Solar projects totalling just under 2GW have secured CfDs in the latest Allocation Round, the most of any technology. Around 400MW is to be delivered in 2025-2026, 150MW in 2026-2027 and 1.4GW in 2027-2028, according to the results. The strike price for all projects is £47 per megawatt-hour. The largest successful scheme is being developed by Enso in England. The name of the 57MW project has not been disclosed. Fifteen projects of around 50MW were also backed in the round. Lightsource’s Hulam scheme will be delivered in 2027-2028 with CfD backing while JBM won support for a number of schemes including the 50MW Ashorne and Stoneshollow. Low Carbon has been offered contracts for ten solar projects with a capacity of more than 350MWp. Chief investment officer at Low Carbon, Steve Mack said: “Together these projects, coupled with more than 300MWp we secured in last year’s auction, will play an important role in supporting the rollout of solar energy across the UK and provide investment certainty in the solar supply chain as we look to make further progress on reaching net zero.
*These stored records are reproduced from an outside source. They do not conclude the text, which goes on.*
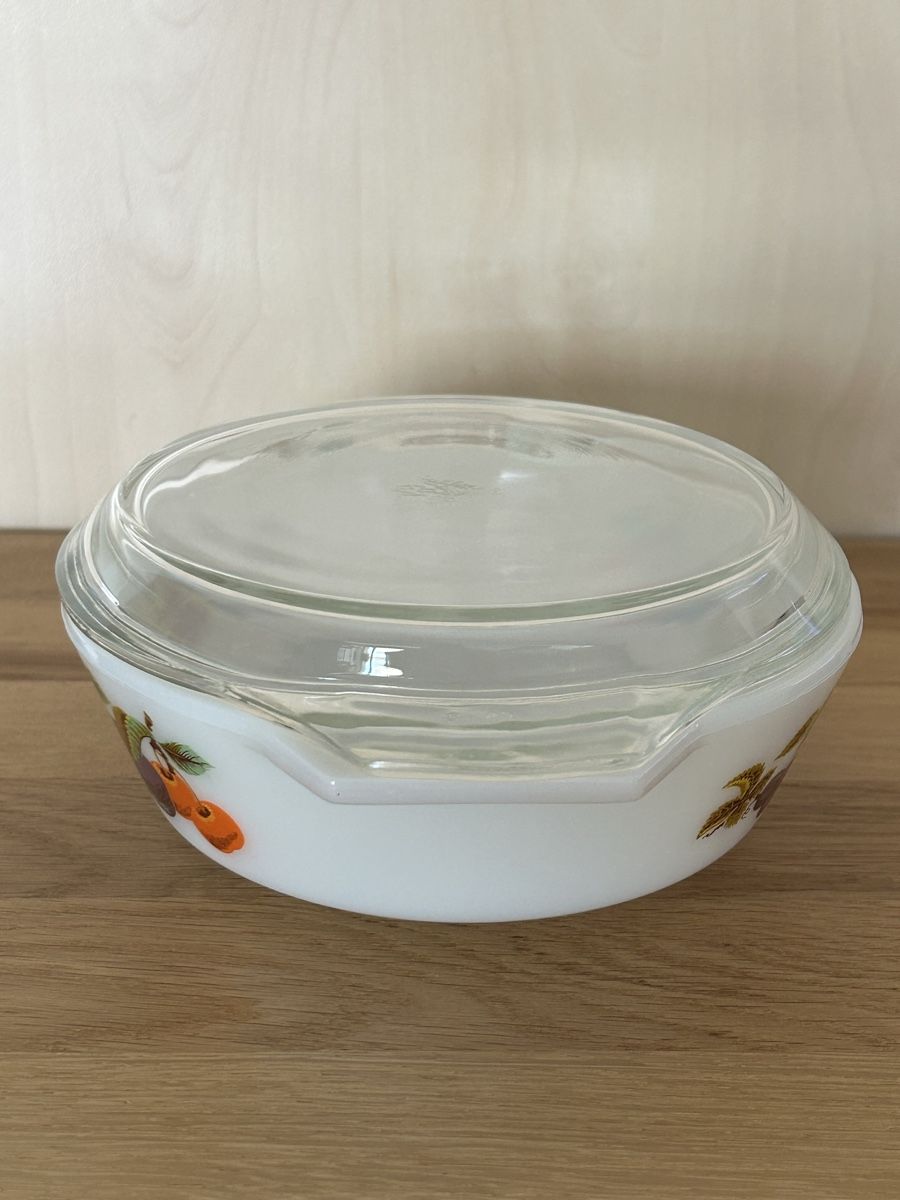 Pyrex Pentole: Vintage JAJ Pyrex Kent Orchard 505 mit Glasdeckel – Usato da Wettingen venduto da Mmccl 9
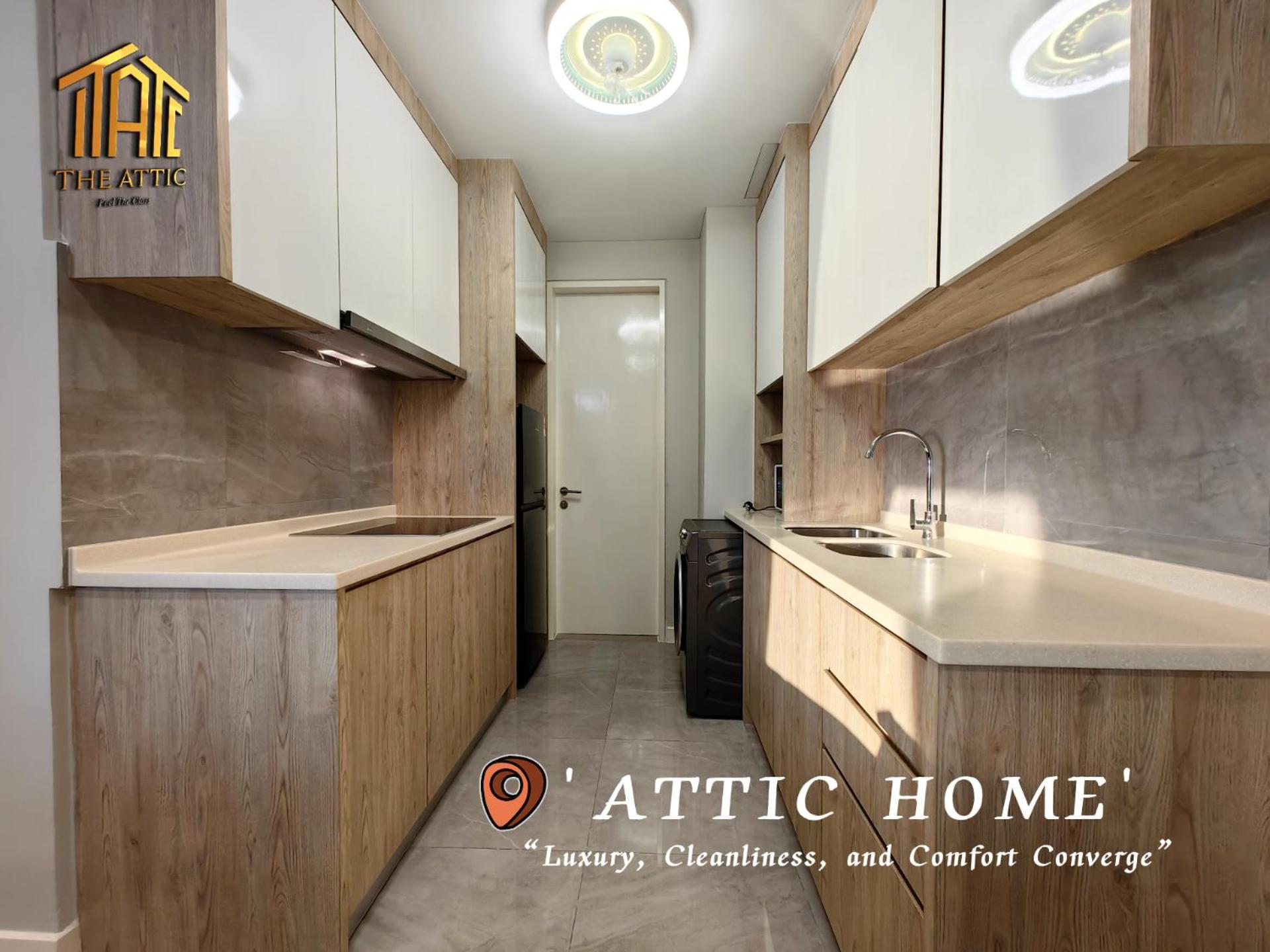 One Bedroom Family Suite (Private Bathtub & Sea View)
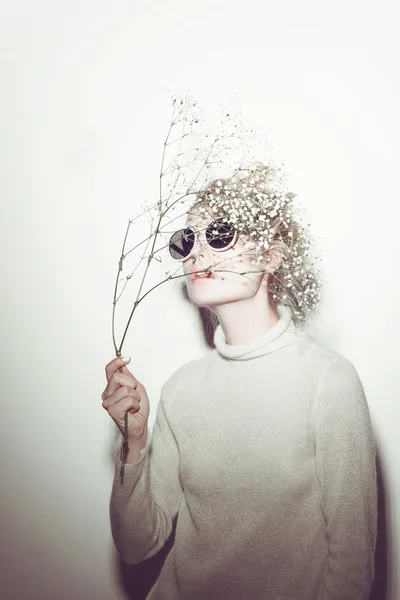 Moda kadın portre. Yüzündeki güneş gözlüğü Hippi saç çiçekleri — Stok fotoğraf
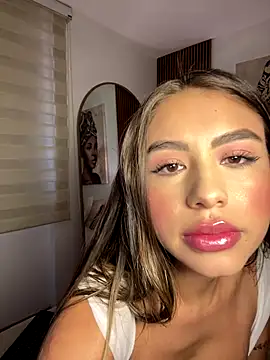  laura 02 online show from 5, 10, 2025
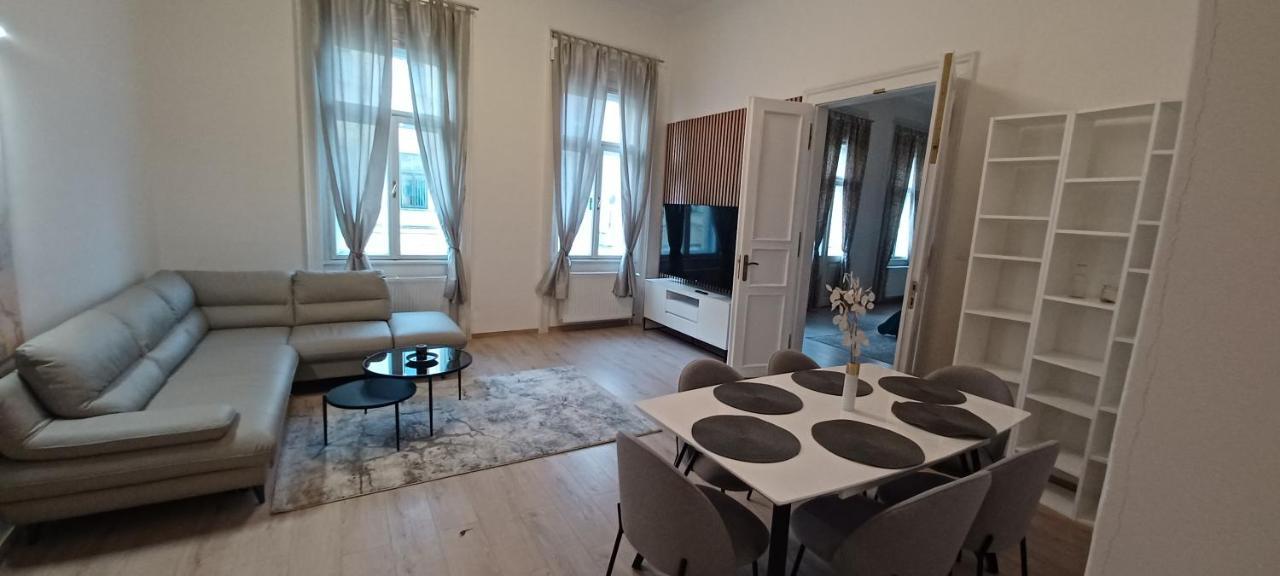 Entrez Apartment 3 - Historical Centre Koszyce Zewnętrze zdjęcie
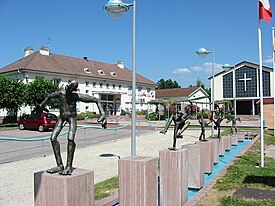 Praça com a prefeitura e a igreja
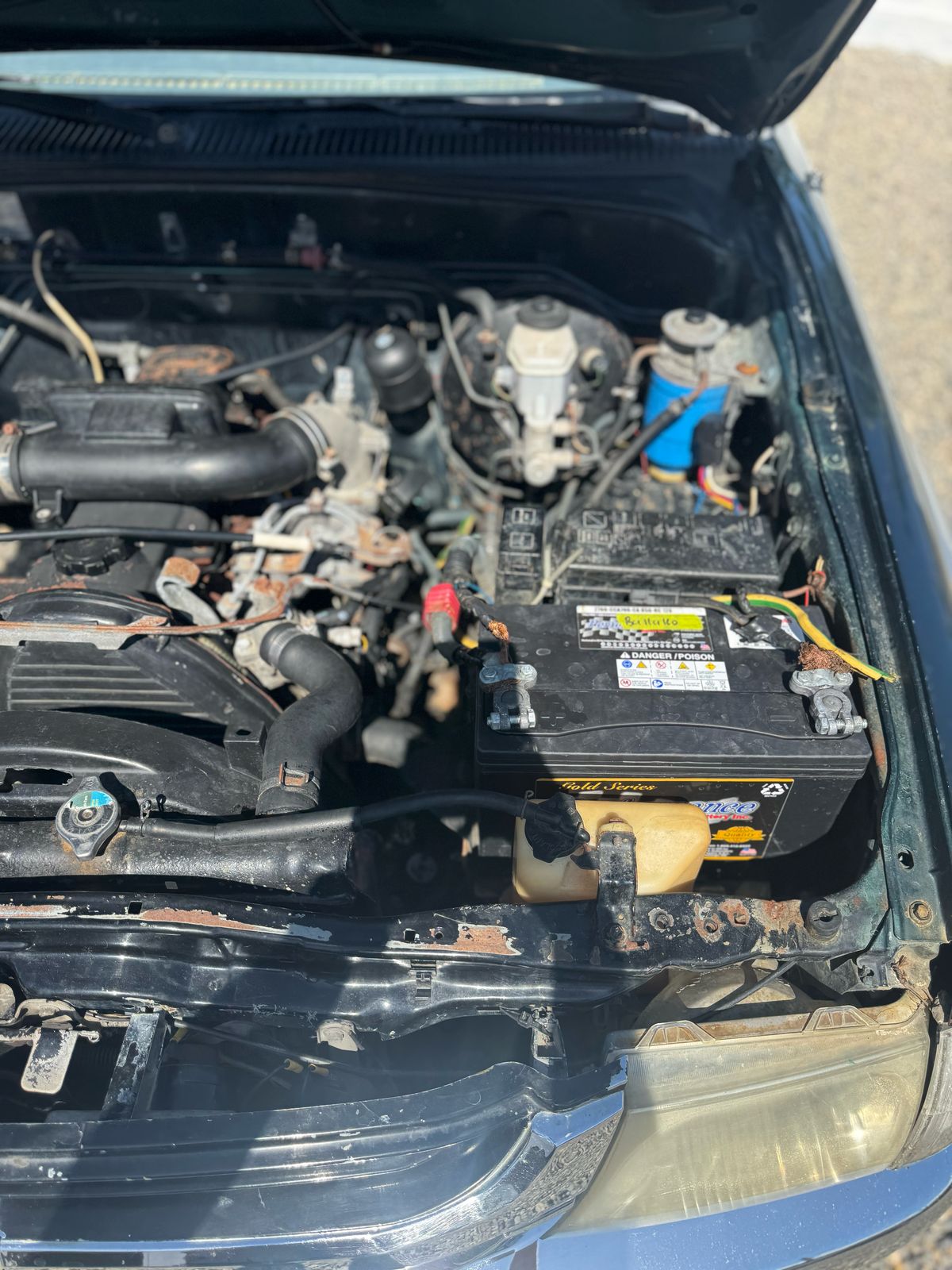 jeepetas y camionetas - Toyota hilux 2002 5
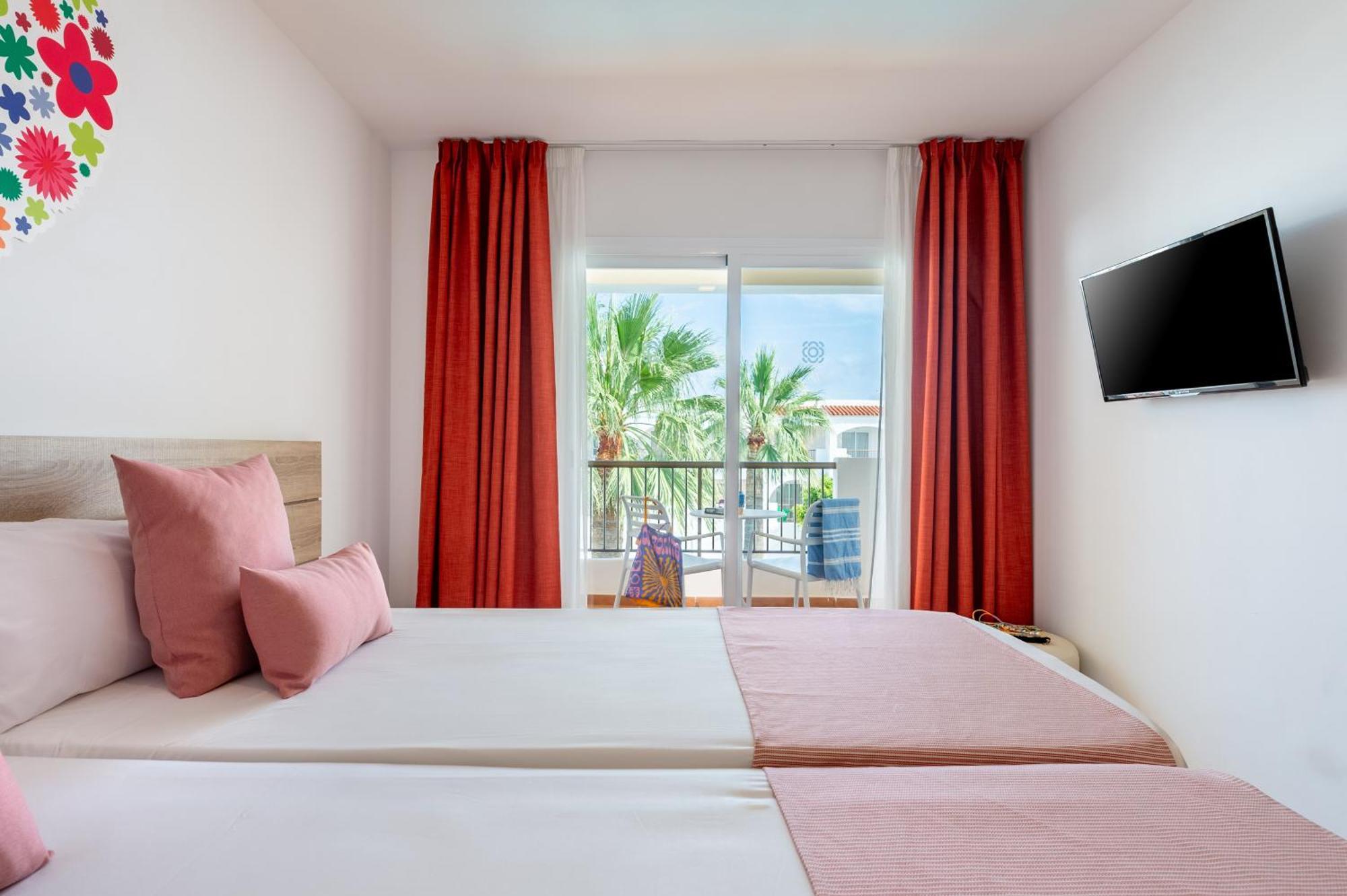 Hotel Vibra Bossa Flow - Adults Only Playa d'en Bossa Zewnętrze zdjęcie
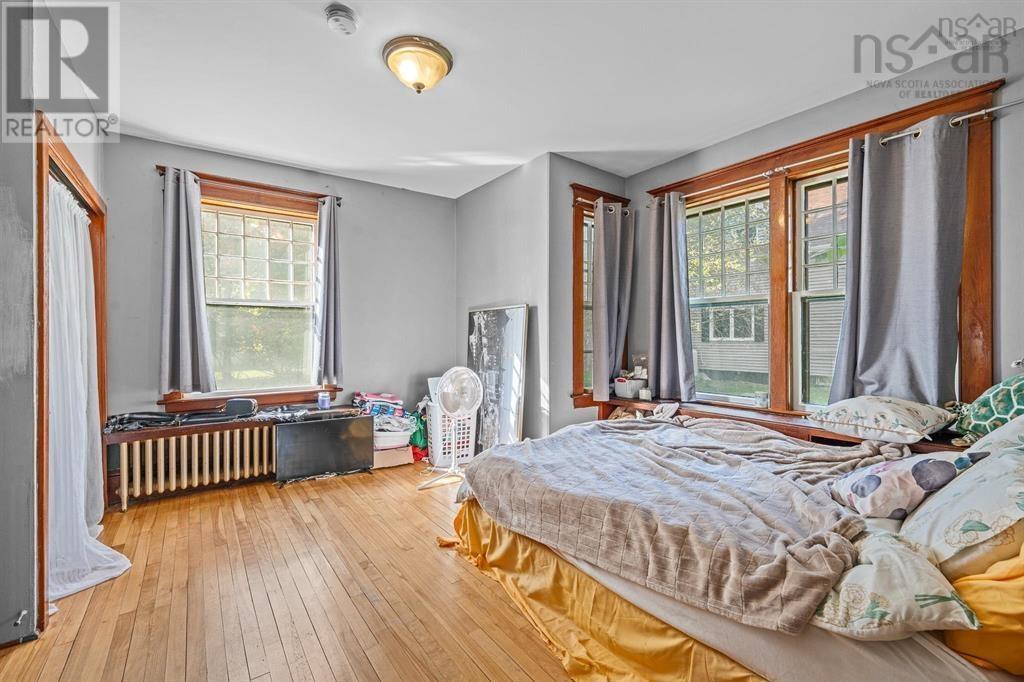 Property 8 of 32 of 217-219 Albert Street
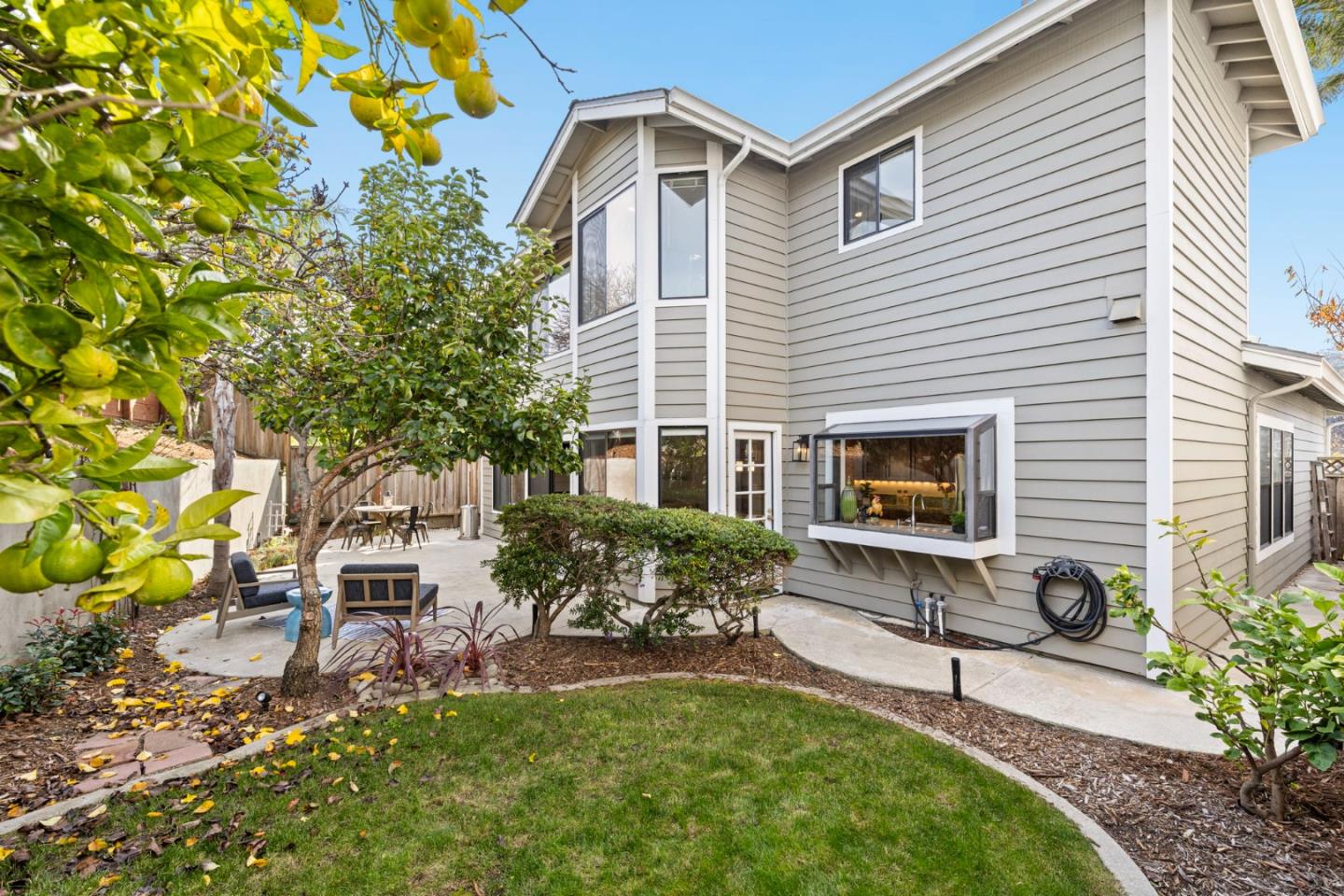 Detail Gallery Image 30 of 107 For 229 Marvilla Cir, Pacifica,  CA 94044 - 4 Beds | 3 Baths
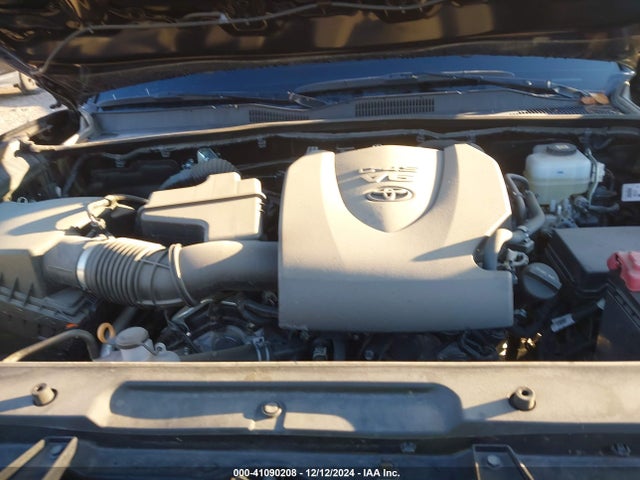 3TMCZ5AN1NM479690 Toyota Tacoma Trd Off Road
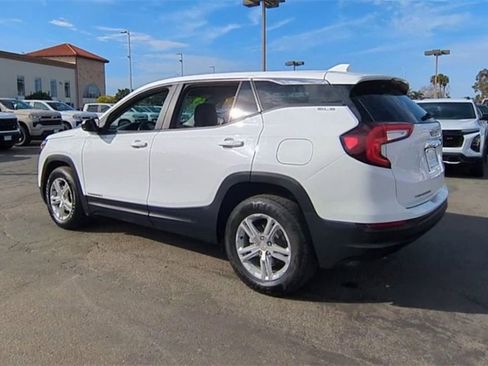 Used 2024 GMC Terrain SLE image 6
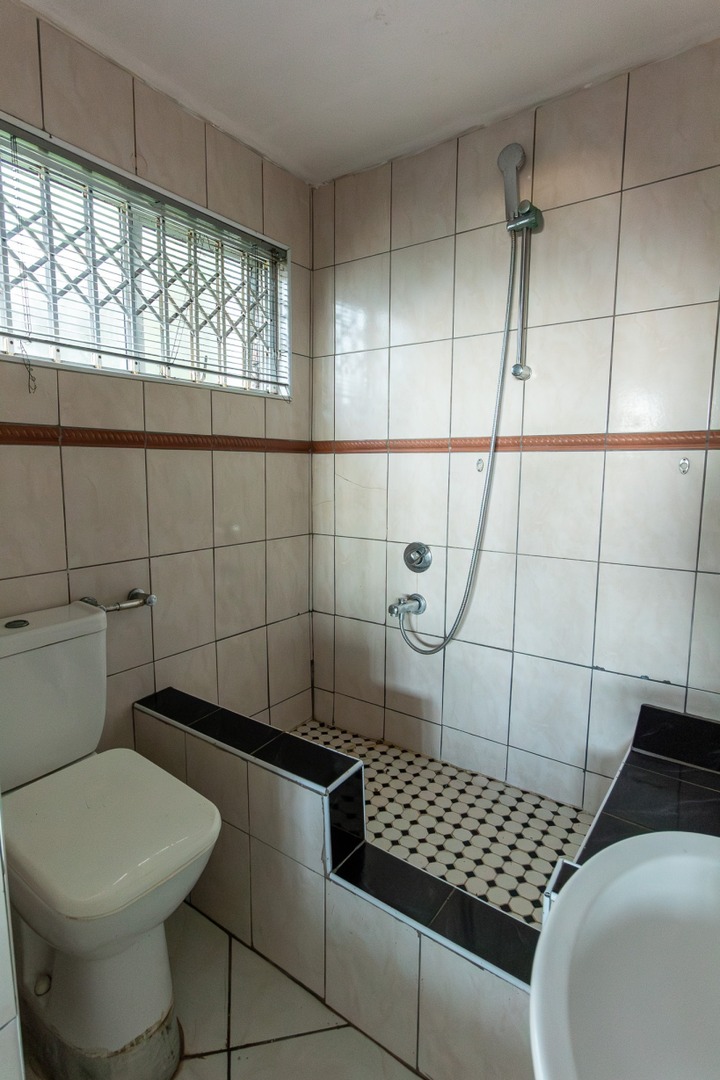 8 Bedroom Property for Sale in Ocean View KwaZulu-Natal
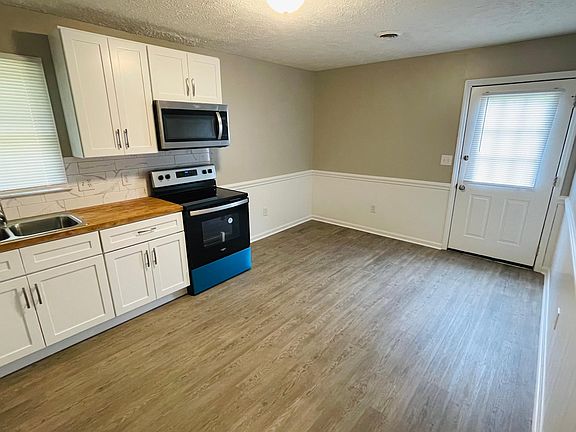 4th image of 619 Mica St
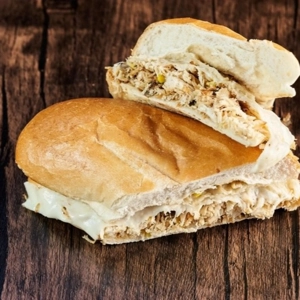 Sandwich de pollo desmechado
“They will also make a material contribution to the UK’s energy security and cut bills for consumers, while creating further momentum for our own ambition of delivering 20GW of new renewable energy capacity by 2030.” RWE secured four solar and two solar co-located with battery storage renewable energy projects. Katja Wünschel, chief executive for onshore wind and solar Europe & Australia at RWE Renewables, said the auction would “drive forward an ambitious solar portfolio, beginning with the construction of our first solar project in the UK, as one of the country’s leading solar energy partners”. She added: “It’s an important success for the teams supporting those technologies, especially those behind our rapidly expanding new solar business in the UK. “The expansion of renewable energies must be swift and decisive if we’re to achieve the government’s net zero targets and RWE is playing its part by targeting the rapid deployment of an exciting pipeline of new onshore and solar projects.”
Chris Hewett, chief executive of Solar Energy UK, added: “We are pleased that so many solar projects have been successful in AR5, particularly as solar has only recently been able to participate. “This shows how resilient solar has become to economic shocks. It remains the cheapest way to generate power in the UK. “That said, we need to be roughly doubling the pace of solar installations to meet the Government’s capacity target of 70GW by 2035. “CfDs are far from the only route to market for utility-scale solar. Some developers will prefer to sell on a merchant basis or seek a long term power purchase agreement. “The AR5 results are therefore not a cap on deployment of solar farms and we are seeing record high rooftop solar installation in 2023.”